Das alles ist natürlich abhängig von deiner Kindheit. Wenn du viele Freiheiten hattest, kann es schwer sein, hier etwas zu finden. Genauso gut kann es auch nicht leicht sein, aus sehr strengen Strukturen auszubrechen, weil sie manchmal sehr in uns verfestigt sind. Ich rate dir an dieser Stelle zu überlegen, was auf dich zutrifft und welche Kleinigkeiten du dir hier erlauben kannst, denn dein inneres Kind hat auch ein Bedürfnis nach Autonomie.
3. Schwelge in Nostalgie
Wenn du deine Kindheit als glücklich wahrgenommen hast, kann es schön sein, in alten Bilderbüchern zu schmökern und dein (inneres) Kind zu beobachten. Bei manchen kann das aber auch ganz schön schmerzhaft sein, deshalb musst du entscheiden, ob du dich dafür sicher genug fühlst. Selbstfürsorge bedeutet an dieser Stelle auch, auf deine Grenzen zu achten und sie zu ehren. Vielleicht hast du auch ein Foto von dir, wo du so richtig glücklich bist, was du dir auf deinen Schreibtisch stellen oder an den Spiegel hängen kannst.
Was ich besonders gerne mag, ist kulinarisch nostalgisch zu werden. Gerade auch für intuitives Essen kann das eine schöne Übung sein. Das bedeutet, du bereitest Sachen zu, die dir in deiner Kindheit besonders gut geschmeckt haben. Für mich illustriert ein heißer Kakao dieses Bedürfnis. Nicht nur wärmt mich dieses Getränk von innen, sondern ich fühle mich auch immer wie ein Kind, dessen Bedürfnis grade erfüllt wurde. Und das ist ein unheimlich schönes Gefühl. Denk gerne mal nach, ob es auch bei dir ein ähnliches Gericht oder Getränk gibt und dann bereite es zu.
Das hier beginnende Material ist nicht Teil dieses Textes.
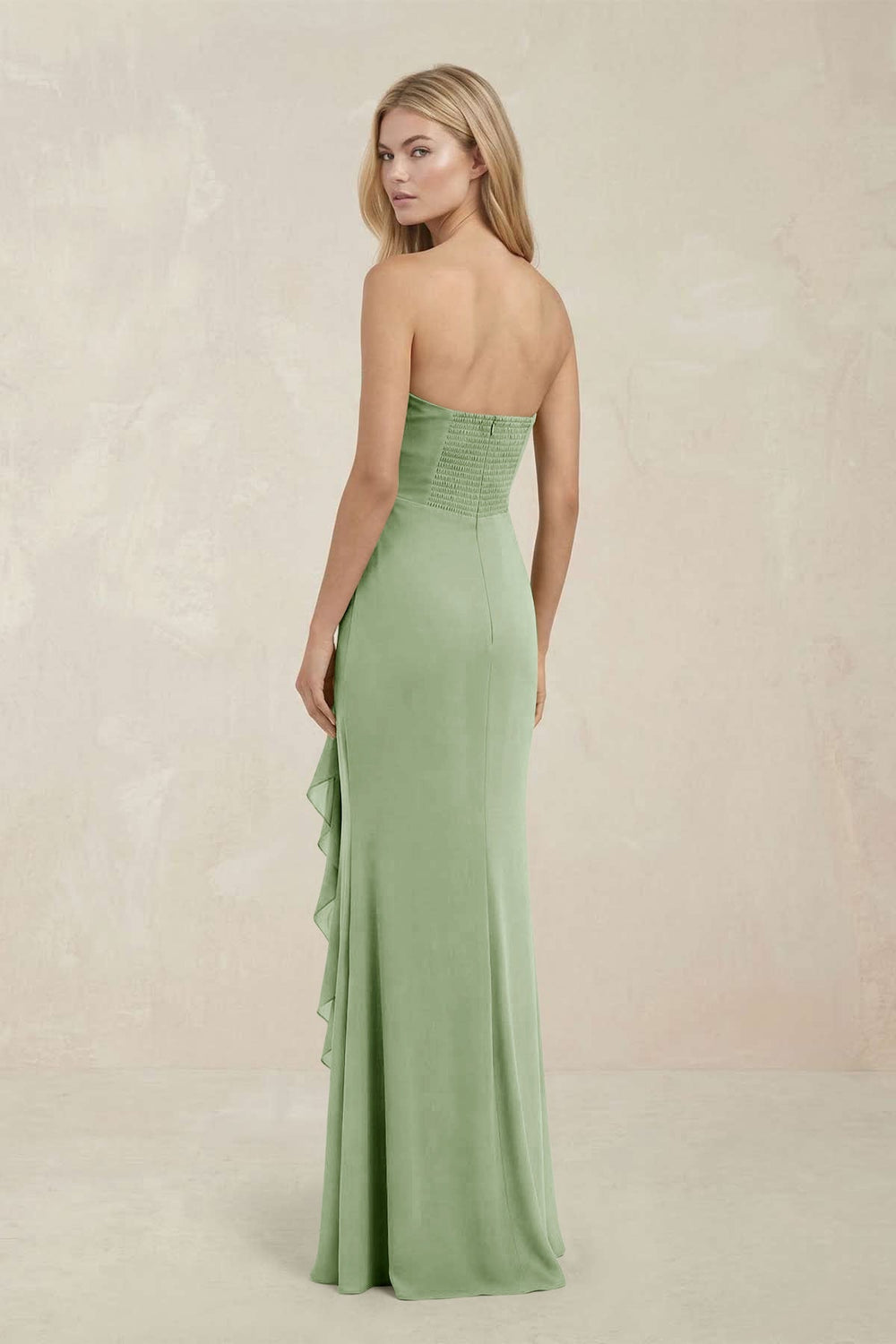 Strapless Ruffled Sheath Bridesmaid Dress in Sage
4. Sei regelmäßig kindisch
Wenn wir sagen, jemand sei kindisch, dann ist das durchaus negativ konnotiert. Dabei kann es etwas sehr schönes bedeuten und auch dein inneres Kind sehr, sehr glücklich machen – wenn du es eben entsprechend umsetzt. Mit kindisch sein meine ich nicht, dass du anderen die Zunge rausstreckst oder beleidigst bist, weil jemand deinen Stift benutzt hat. Vielmehr meine ich damit, auch mal frei zu sein und Spaß zu haben. Ich war an meinem Geburtstag letztens in einer Spielhalle und habe mich dort ausgetobt. Das hat richtig viel Spaß gemacht.
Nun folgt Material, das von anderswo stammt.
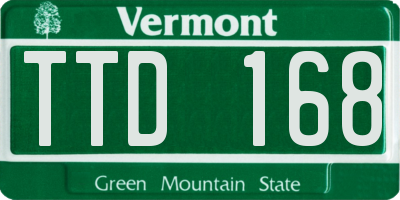 VT license plate TTD168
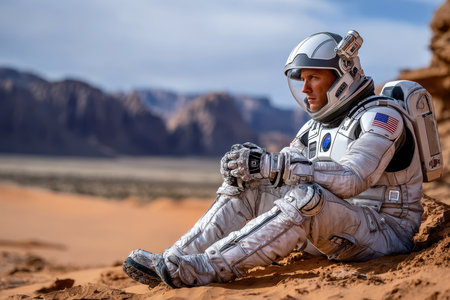 An astronaut sits on the sandy ground, contemplating the vast, rocky landscape under a clear sky in a remote desert.の写真素材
Generell mag ich Spiele immer noch total gerne und fände es schön, wenn auch Erwachsene noch regelmäßig verstecken spielen würden – das habe ich als Kind besonders geliebt. Reflektiere gerne für dich, wo es in deinem Alltag Raum für Spaß und Spiel gibt. Vielleicht organisierst du auch mal wieder einen Spieleabend oder ein Versteckspiel mit deinen Freunden und Freundinnen (und mit mir, bitte!). Das Erwachsenenleben hat so viel Ernsthaftigkeit, da ist auf jeden Fall Luft für etwas Leichtigkeit. Dein inneres Kind wird es dir danken.
5. Unterhalte dich mit deinem inneren Kind
Kinder wollen gehört werden – das gilt auch für dein inneres Kind. Du musst dich nicht unbedingt laut mit deinem inneren Kind unterhalten, wobei es auch helfen kann, Dinge laut auszusprechen. Vielmehr kannst du hier auf der einen Seite innere Monologe führen oder auch journaln und Dinge aufschreiben. Manchmal kommen mir grade beim Schreiben auch Dinge ins Bewusstsein, die ich vorher gar nicht so wahrgenommen hätte.
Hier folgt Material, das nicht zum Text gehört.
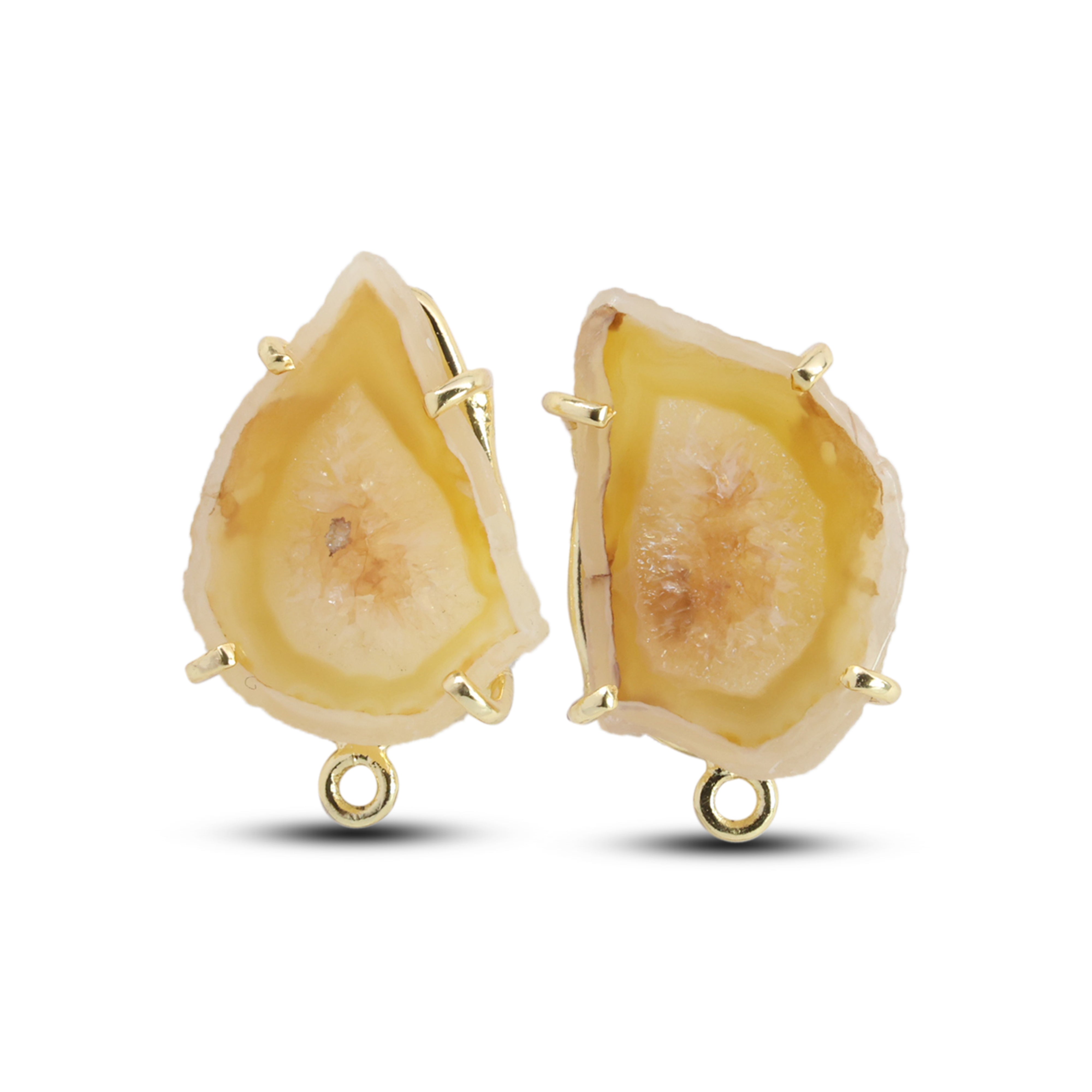 Geode Druzy Slice  Earpost  DIY Earrings Meena Design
Meditation ist auch eine Möglichkeit, mit deinem inneren Kind in Kontakt zu treten. In jedem Falle lege ich dir ans Herz, deinem inneren Kind eine Stimme zu geben und auf seine Bedürfnisse und Grenzen zu hören.
Zusammenfassung
Dein inneres Kind hat Bedürfnisse. Es will gehört und gesehen werden. Es hat Lust zu spielen und will kindisch sein – und dafür wollen wir Raum schaffen. Wenn dir das Thema neu ist, dann fang erstmal mit einem Punkt an, der für dich besonders gut greifbar war. Wenn du in therapeutischer Behandlung bist, sprich mit deinem Therapeut oder deiner Therapeutin darüber.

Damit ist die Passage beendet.